Repository contains code to solve Kaggle problem Planet: Understanding the Amazon from Space. This solution won 3rd place in competition.
Python >= 3.4, Keras 1.2.1, Theano 0.9.2, Tensorflow, XGBoost 0.6
You need to execute set of scripts one by one:
- python a11_find_neighbours.py
- python a30_create_keras_models.py
- python a30_create_keras_models_land.py
- python a30_create_keras_models_weather.py
- python a30_create_keras_models_single_class.py
- python a31_create_cnn_features_basic.py
- python a31_create_cnn_features_land.py
- python a31_create_cnn_features_weather.py
- python a32_create_cnn_features_single_class.py
- python a32_find_neighbours_features.py
- python a42_gbm_blender.py
- python a42_keras_blender.py
- python a50_ensemble_from_cache_v1.py
- Recreating all CNN models from scratch on single GPU will require a lot of time (around a month). It can be parallelized using separate GPU on different CNN models. Final models weights size ~50 GB. Msg me if you need these weights.
- Creating neighbours features requires around a day to complete.
- Due to high parallelization, CNN models trained on GPU can slightly differ even in case it was trained on the same code.
- A little bit details about solution available on Kaggle forum
- -- input - input data as it was given on Kaggle
- -- Kaggle-Planet-Understanding-the-Amazon-from-Space - all the Python code (this repo)
- -- models - all generated models from neural nets will be in this folder.
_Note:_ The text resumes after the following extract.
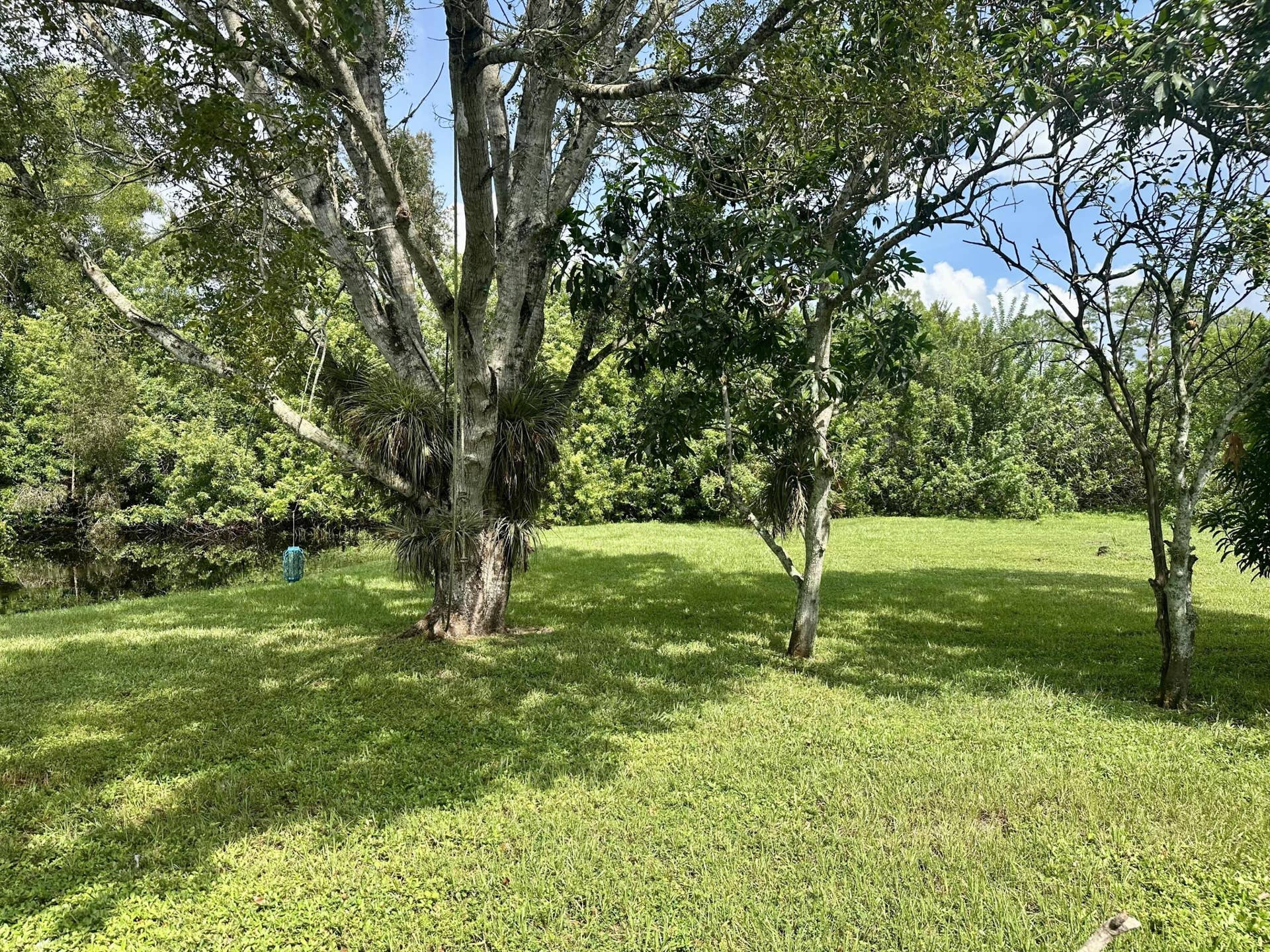 13399 53RD Court N, West Palm Beach, The Acreage, FL 33411 008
- -- weights - files with weights for pretrained models. Link: Download
- -- modified_data - some intermediate files for neighbour analysis
- -- features - all raw features generated by neural nets will be stored in this folder. We already have them calculated. Link: Download
- -- cache - this folder will contain arrays with predictions from XGBoost and Keras blenders
- -- subm - final predictions (in format of submit file for Kaggle)